On April 24th Microsoft released the BizTalk Services CTP, taking the idea of an Enterprise Service Bus (ESB) as as a means of discovering, connecting and federating services a step further and elevating it to the Internet Service Bus (ISB).

Today building distributed applications requires a lot of infrastructure efforts. ESBs are used to provide infrastructure services, such as identity and relaying services, within a single company or enterprise. Soon things get out of hand, when your applications or systems span more than one enterprise or are provided publicly on the internet. The infrastructure investments will start to grow, leaving less and less place for the original business. Clemens Vasters, Senior Program Manager at the Microsoft Connected Systems Division, explains the need for infrastructure services and introduces the BizTalk Services CTP as the first Internet Service Bus addressing these needs on an internet scale:

Two aspects that make the idea of a "service bus" generally very attractive are that the service bus enables identity federation and connectivity federation. This idea gets far more interesting and more broadly applicable when we remove the "Enterprise" constraint from ESB it and put "Internet" into its place, thus elevating it to an "Internet Services Bus", or ISB. If we look at the most popular Internet-dependent applications outside of the browser these days, like the many Instant Messaging apps, BitTorrent, Limewire, VoIP, Orb/Slingbox, Skype, Halo, Project Gotham Racing, and others, many of them depend on one or two key services must be provided for each of them: Identity Federation (or, in absence of that, a central identity service) and some sort of message relay in order to connect up two or more application instances that each sit behind firewalls - and at the very least some stable, shared rendezvous point or directory to seed P2P connections. The question "how does [MSN] Messenger work?" has, from an high-level architecture perspective a simple answer: The Messenger "switchboard" acts as a message relay.

John Shewchuk gives an overview of the BizTalk Services in the Connected Systems blog and Dennis Pilarinos shows how to get started with the CTP. Currently the following services are online or planned:

eWeek has published two articles on the subject. The first article discussed Microsoft's vision for SOA and the BizTalk services in general, and the second features several statements about Microsoft's latest coup in the SOA field from different analysts, consultants and developers. 

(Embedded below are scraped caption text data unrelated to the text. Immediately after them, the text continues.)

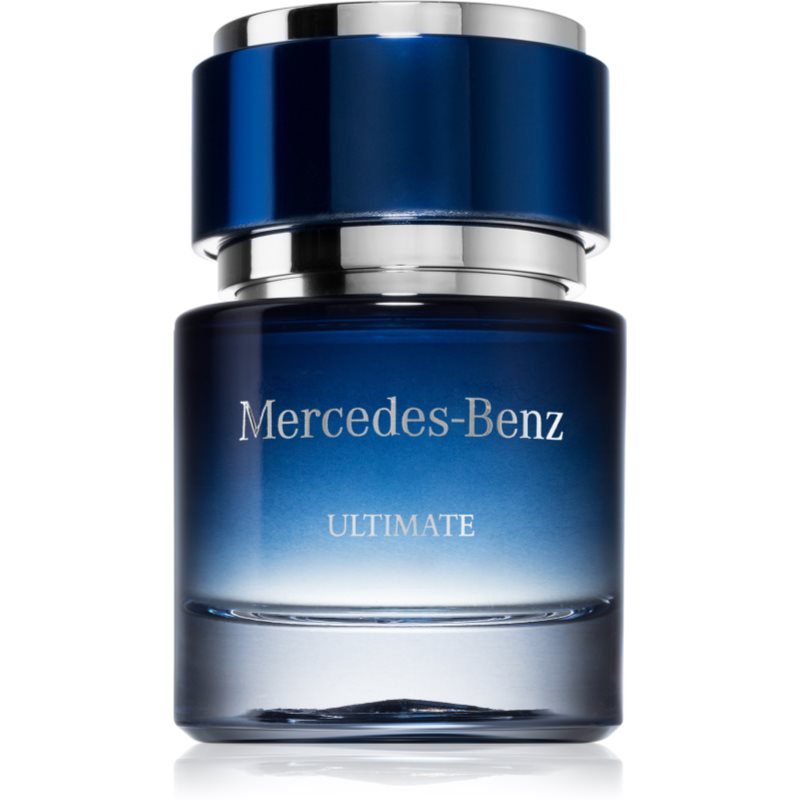 MERCEDES-BENZ PARFUMS FOR MEN ULTIMATE woda perfumowana 40 ml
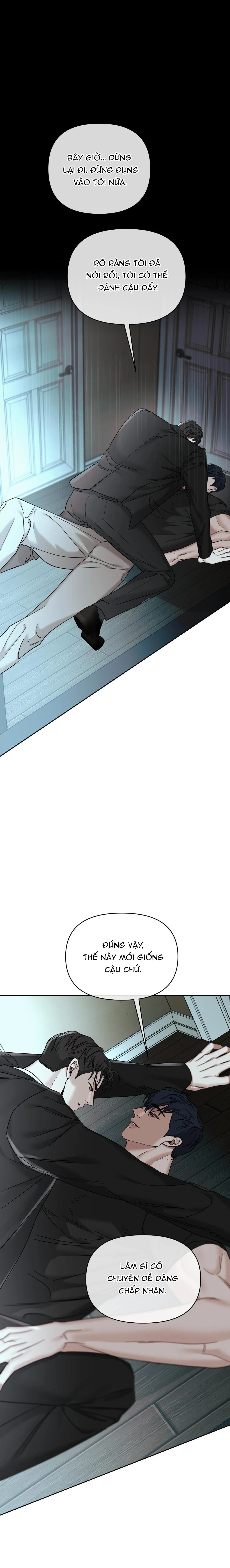 THÂN ÁI Chapter 26 Trang 8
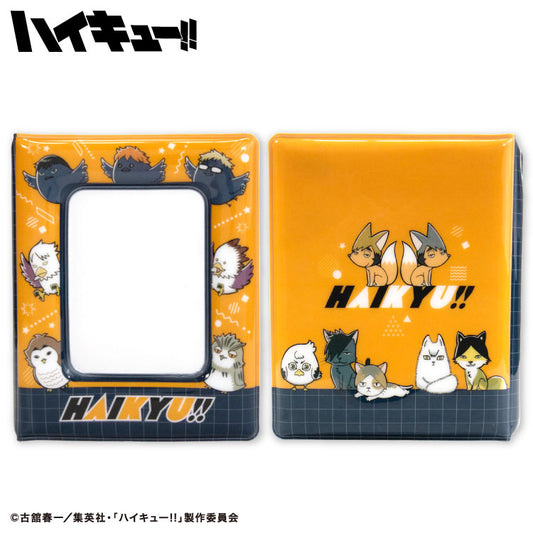 【予約販売】ハイキュー!! コラボ コレクトブック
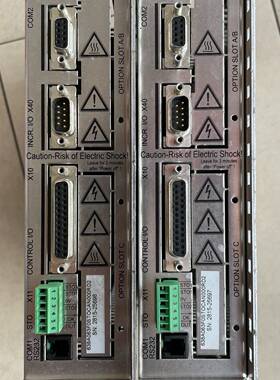 parker驱动器 型号:638A063F0STOCAN议价 维修！！！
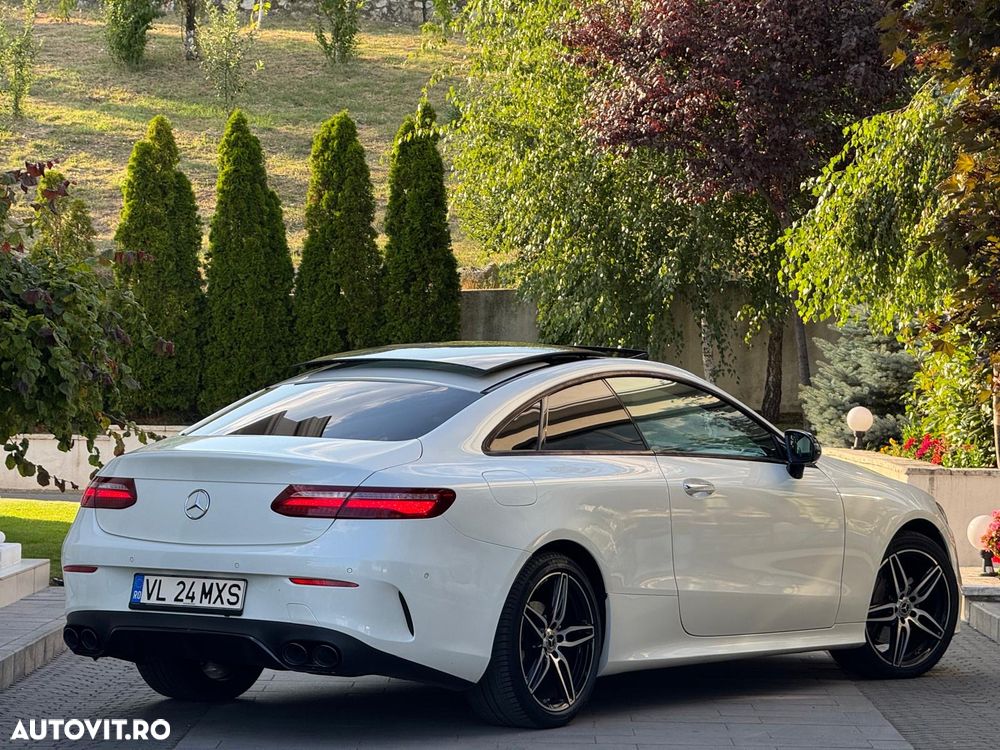 Mercedes-Benz E 220 d - 12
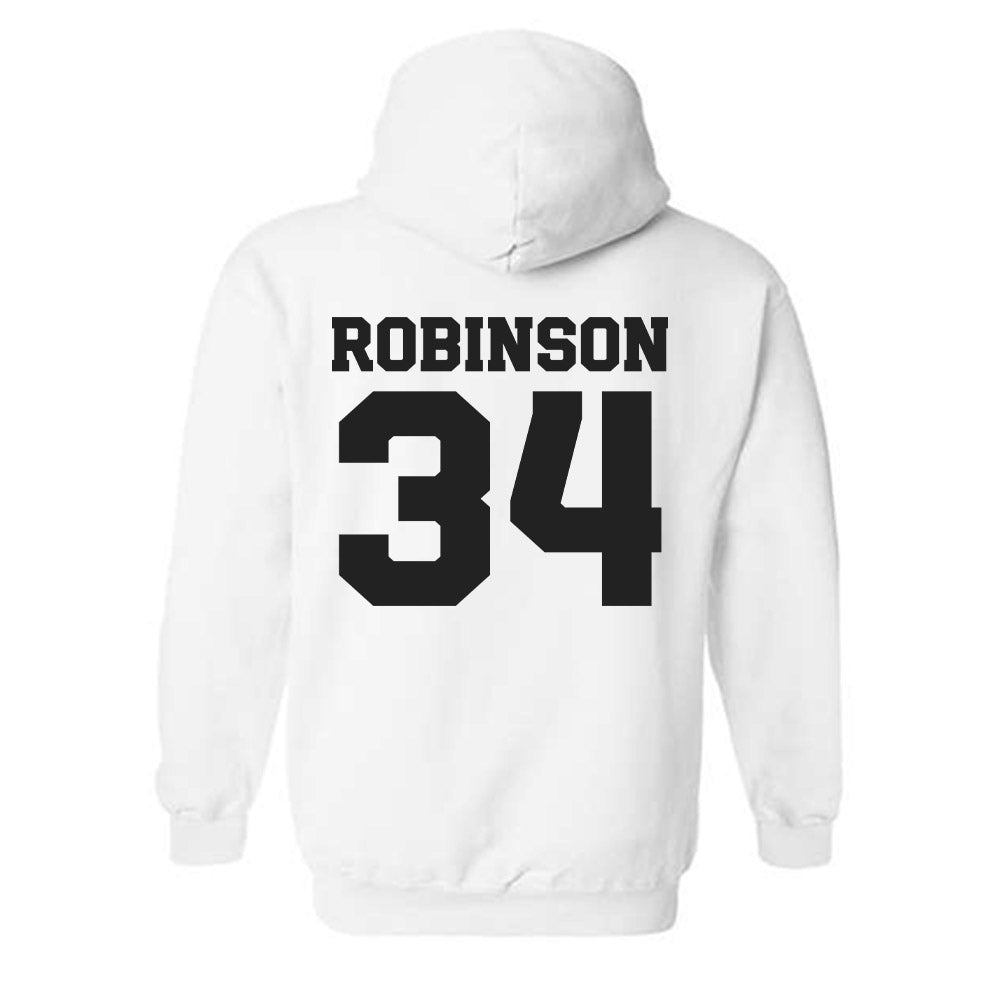 Alabama - NCAA Football : Quandarrius Robinson Vintage Football Hooded Sweatshirt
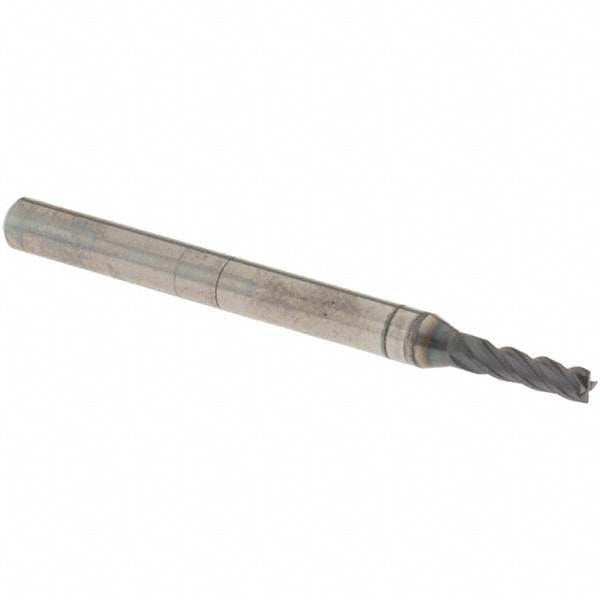 OSG HP441-0781 Square End Mill: 5/64" Dia, 1/4" LOC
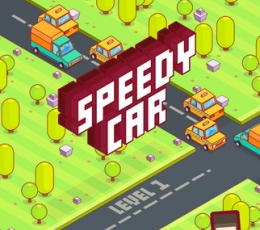 极速赛车（Speedy Car） V1.0 安卓版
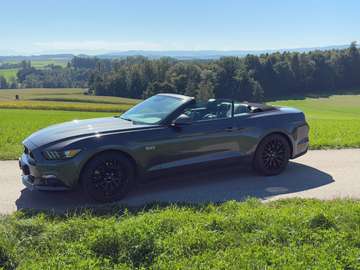 Mustang 5,0 Ti-VCT V8 GT Cabrio Aut. GT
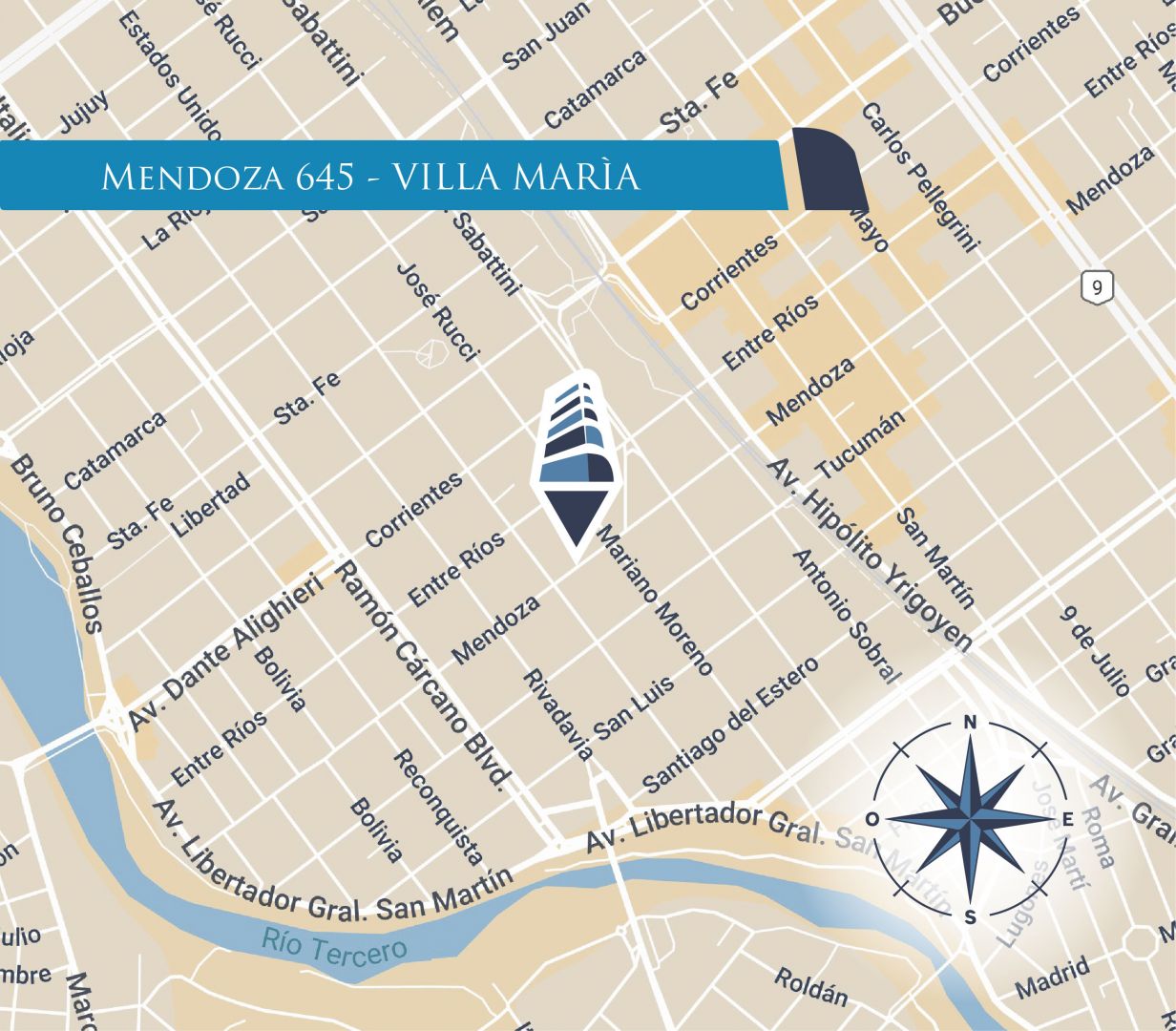 Edificio Mar?a IV - Edificio en CENTRO 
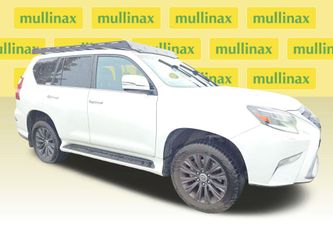 2021 Lexus GX 460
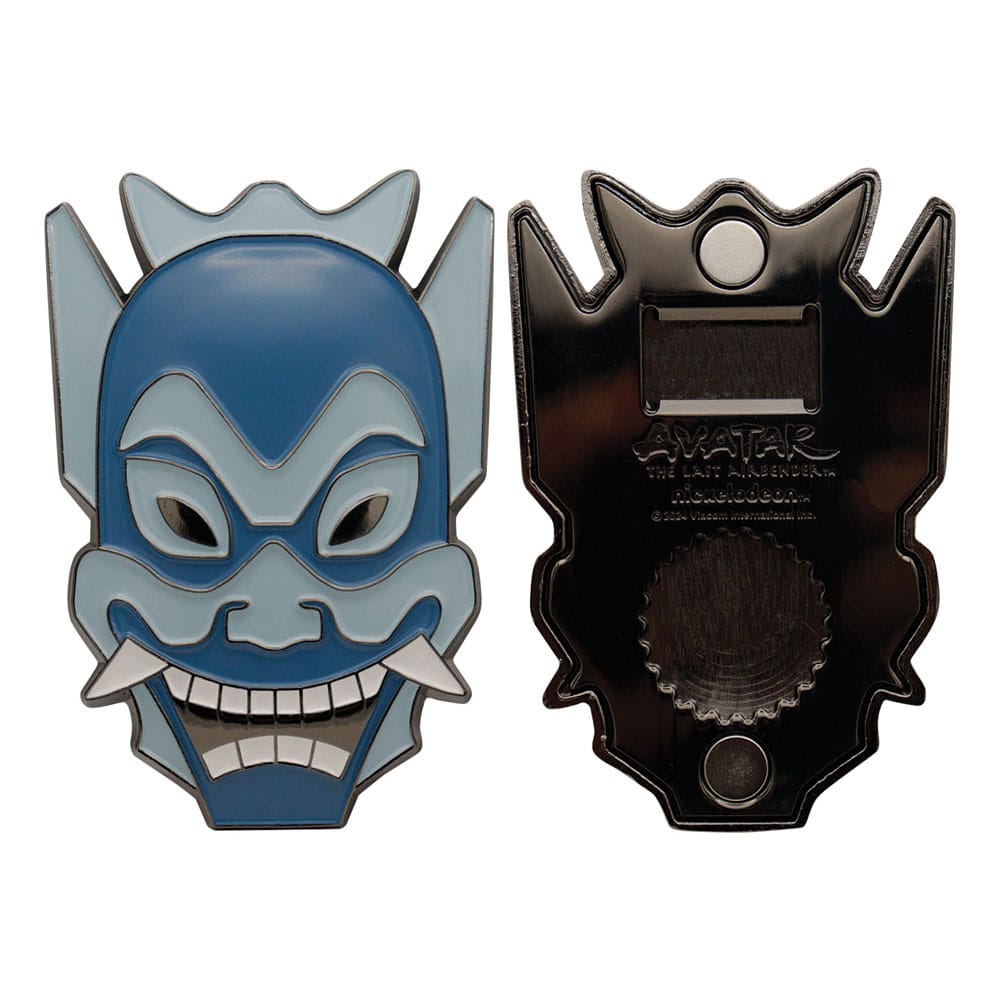 Avatar The Last Airbender Bottle Opener Blue Spirit Mask 16 cm - MangaShop.ro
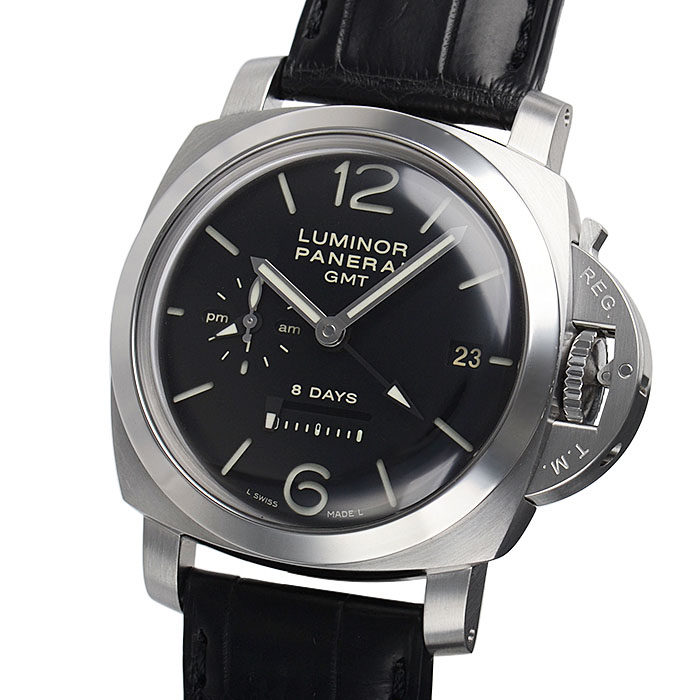 パネライコピー ルミノール1950 8デイズ GMT PAM00233 - 商品画像 3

Stephen Forte, co-founder and CTO of Corzen, Inc, a company specializing in custom data mining and specific collection of data from the internet via spidering, writes about the business case for and the business value of BizTalk Services. He concludes that

BizTalk services and ultimately all of the Software plus Services (including other vendors, not just Microsoft) will change the way we do business in 5-10 years. Imagine if we had to run a switchboard to run our phones in the office? So an oil company or a bank would have to develop the technical expertise to run the phones. This infrastructure is solved by the phone company (and now VoIP!) In the future, businesses will only have to focus on their core businesses and most software will run locally with services up in the cloud, drastically reducing the investment in core IT infrastructure internally. It’s a brave new world out there.

Microsoft's vision of an ESB as a set of products, technologies, and techniques rather than a single product fits well into their general SOA strategy. It will be interesting to see, how the BizTalk Services will be adopted by both, the community and the industry.